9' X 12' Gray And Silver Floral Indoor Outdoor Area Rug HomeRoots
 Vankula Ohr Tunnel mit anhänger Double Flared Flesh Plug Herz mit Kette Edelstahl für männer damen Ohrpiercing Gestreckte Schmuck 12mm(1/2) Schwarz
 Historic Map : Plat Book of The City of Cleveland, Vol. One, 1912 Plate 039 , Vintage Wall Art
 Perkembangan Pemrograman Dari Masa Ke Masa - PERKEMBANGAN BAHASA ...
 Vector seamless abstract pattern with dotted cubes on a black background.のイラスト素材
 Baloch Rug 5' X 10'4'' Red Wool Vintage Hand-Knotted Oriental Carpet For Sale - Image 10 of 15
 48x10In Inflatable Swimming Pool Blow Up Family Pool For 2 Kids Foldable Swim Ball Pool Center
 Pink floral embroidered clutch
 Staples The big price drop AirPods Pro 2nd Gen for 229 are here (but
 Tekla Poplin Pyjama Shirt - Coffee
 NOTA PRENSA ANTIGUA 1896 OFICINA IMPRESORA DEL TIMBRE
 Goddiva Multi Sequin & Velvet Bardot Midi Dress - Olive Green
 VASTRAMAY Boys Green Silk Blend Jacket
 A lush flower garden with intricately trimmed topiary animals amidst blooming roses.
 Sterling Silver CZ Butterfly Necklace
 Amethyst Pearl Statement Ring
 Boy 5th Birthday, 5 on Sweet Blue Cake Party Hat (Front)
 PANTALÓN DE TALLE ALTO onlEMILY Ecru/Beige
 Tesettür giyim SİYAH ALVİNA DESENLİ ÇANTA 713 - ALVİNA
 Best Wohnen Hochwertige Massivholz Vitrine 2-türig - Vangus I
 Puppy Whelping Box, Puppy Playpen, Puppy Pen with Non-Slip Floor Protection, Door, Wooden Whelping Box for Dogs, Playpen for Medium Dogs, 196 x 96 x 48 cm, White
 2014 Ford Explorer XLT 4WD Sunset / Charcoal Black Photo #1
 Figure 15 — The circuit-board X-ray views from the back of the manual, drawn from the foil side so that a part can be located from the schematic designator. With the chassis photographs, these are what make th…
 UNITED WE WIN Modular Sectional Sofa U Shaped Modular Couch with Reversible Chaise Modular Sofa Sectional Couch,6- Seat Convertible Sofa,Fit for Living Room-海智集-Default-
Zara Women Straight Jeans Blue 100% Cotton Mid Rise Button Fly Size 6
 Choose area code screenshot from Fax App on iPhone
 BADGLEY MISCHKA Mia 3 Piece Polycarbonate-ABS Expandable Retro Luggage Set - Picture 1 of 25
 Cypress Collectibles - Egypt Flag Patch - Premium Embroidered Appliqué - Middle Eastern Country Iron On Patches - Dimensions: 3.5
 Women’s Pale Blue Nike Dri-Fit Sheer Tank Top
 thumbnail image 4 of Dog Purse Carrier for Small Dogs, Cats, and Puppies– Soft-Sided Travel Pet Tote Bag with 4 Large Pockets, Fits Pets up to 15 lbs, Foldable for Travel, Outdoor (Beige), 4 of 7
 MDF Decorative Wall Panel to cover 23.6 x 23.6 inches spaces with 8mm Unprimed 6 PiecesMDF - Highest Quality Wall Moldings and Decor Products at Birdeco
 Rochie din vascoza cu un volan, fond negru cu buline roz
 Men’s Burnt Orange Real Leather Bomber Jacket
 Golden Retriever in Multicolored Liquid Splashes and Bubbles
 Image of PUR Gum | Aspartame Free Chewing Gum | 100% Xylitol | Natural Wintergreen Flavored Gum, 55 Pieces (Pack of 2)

•••

■ **TASK GOAL**:
The lines to copy run from the first line of the entries to the line containing "Vector seamless abstract"; copy them exactly and output nothing else.

■ **THE COMPLETED TASK**:
9' X 12' Gray And Silver Floral Indoor Outdoor Area Rug HomeRoots
 Vankula Ohr Tunnel mit anhänger Double Flared Flesh Plug Herz mit Kette Edelstahl für männer damen Ohrpiercing Gestreckte Schmuck 12mm(1/2) Schwarz
 Historic Map : Plat Book of The City of Cleveland, Vol. One, 1912 Plate 039 , Vintage Wall Art
 Perkembangan Pemrograman Dari Masa Ke Masa - PERKEMBANGAN BAHASA ...
 Vector seamless abstract pattern with dotted cubes on a black background.のイラスト素材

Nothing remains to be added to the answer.